Google-sheets – Sum column value if any of several criteria is met in the adjacent column

google sheetsgoogle-sheets-arrayformulagoogle-sheets-arrays

I have a sheet in which I have 2441 words (hashtags) on their own rows in the first column and in the next (adjacent) column, a number related to them (occurrences of the hashtag in our data).

I want to sum together the occurrences of hashtags, which mention any word from a certain list. The word can be either as part of the hashtag or the whole hashtag for the number in the adjacent column to be counted.
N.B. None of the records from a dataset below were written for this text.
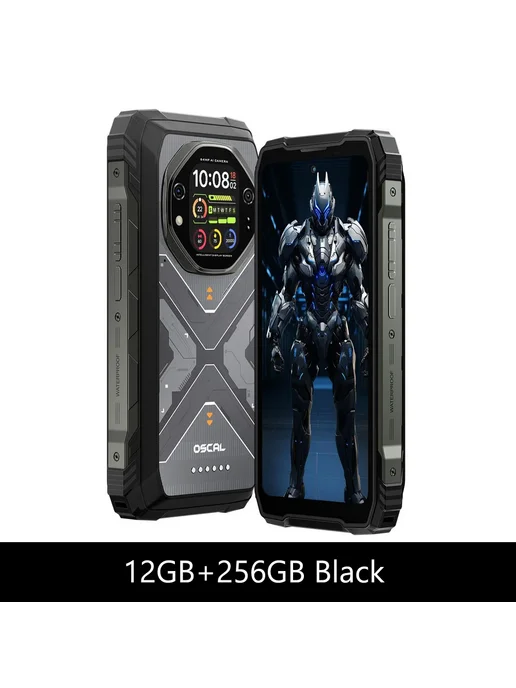 Blackview Смартфон Oscal Tank 1, 12 256ГБ, global, 256 ГБ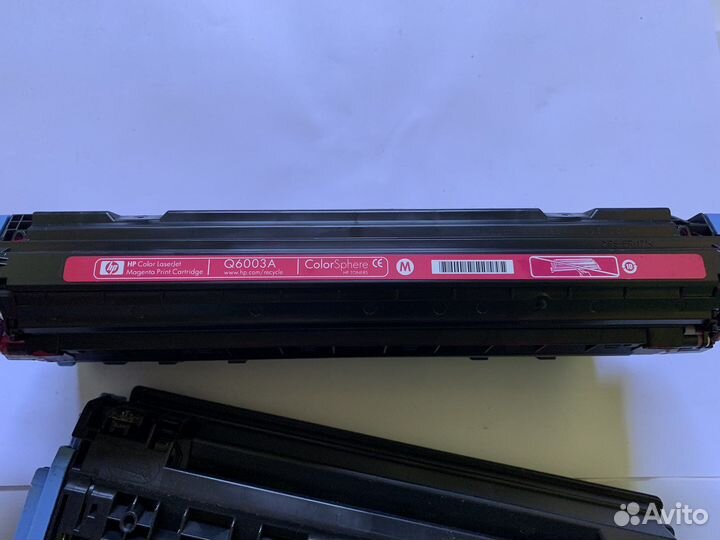 Картриджи и Узел закрепление в сбора: RM1-4579-210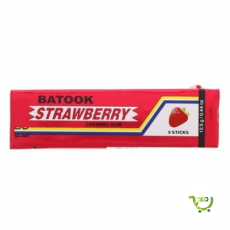BATOOK STRAWBERRY CHEWING GUM 5...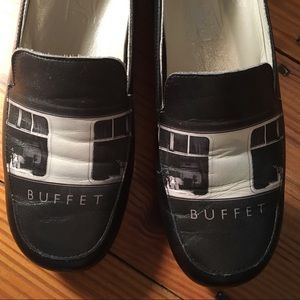 ICON "Buffet" Flat Shoes
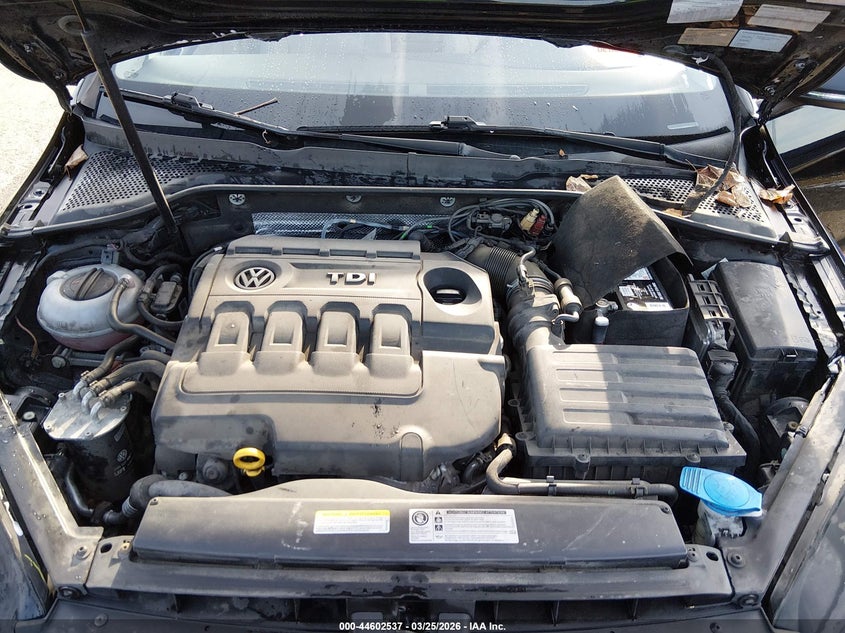 2015 Volkswagen Golf Sportwagen Tdi S 4-Door VIN: 3VWFA7AU8FM504977 Lot: 44602537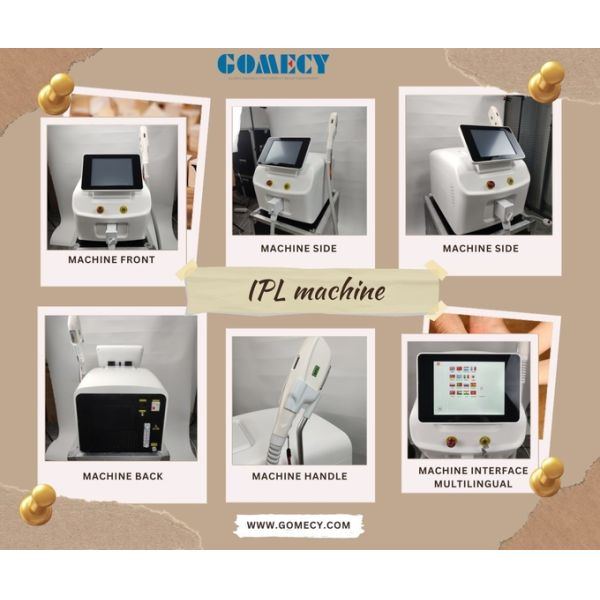 1000W Ipl Shr Laser Machine For Freckle And Vascular Lesions Removal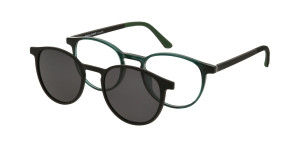 Oprawki Korekcyjne Unisex Solano Z Nakładką Z Filtrem Polaryzacyjnym Cl 50056 D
I searched the forum and found this helpful thread I tried to incorporate, but unfortunately I am still doing something wrong.

My current formula is:

=ArrayFormula(sum(sumif(A2:A20,{"*business*"; "*entrepeneur*";"*shop*";"*biz*";"*marketing*";"*hustle*"},B2:B20)))

As you can see from the screenshot, the formula doesn't sum all of the instances from the given range. Have I formatted something in the formula wrong? Or well, I obviously have, but I wonder which part it is.

Sheet screenshot


Sample data – text format

Hashtag Count
internationalwomensday 1148
womensupportingwomen 81
womeninbusiness 77
girlpower 72
womenempowerment 69
bossbabe 50
women 48
love 47
womensday 47
smallbusiness 40
entrepreneur 39
strongwomen 36
fashion 34
iwd2021 33
motivation 33
femaleentreprencur 26
beauty 25
bosslady 24

Best Answer

Please note the comments made directly to your original post, noting that you have spelling errors in both the formula and the Col-A data.

However, assuming that your spelling were correct in Column A, you could use this in F1:

=SUM(FILTER(B2:B,NOT(ISERROR(REGEXEXTRACT(A2:A,"business|entrepreneur|shop|biz|marketing|hustle")))))

Here, SUM acts only on the FILTERed subset where REGEXEXTRACT was able to find any of the patters found between the 'or' pipes (e.g., "x|y|z|...").

If you think there may be spelling errors, you can reduce some words (like "entrepreneur") to a unique portion of the word that you think will most likely be spelled correctly in all of (or the majority of) the raw data: perhaps "neur" or "entre". But this method would still require that you spell that portion correctly in the formula.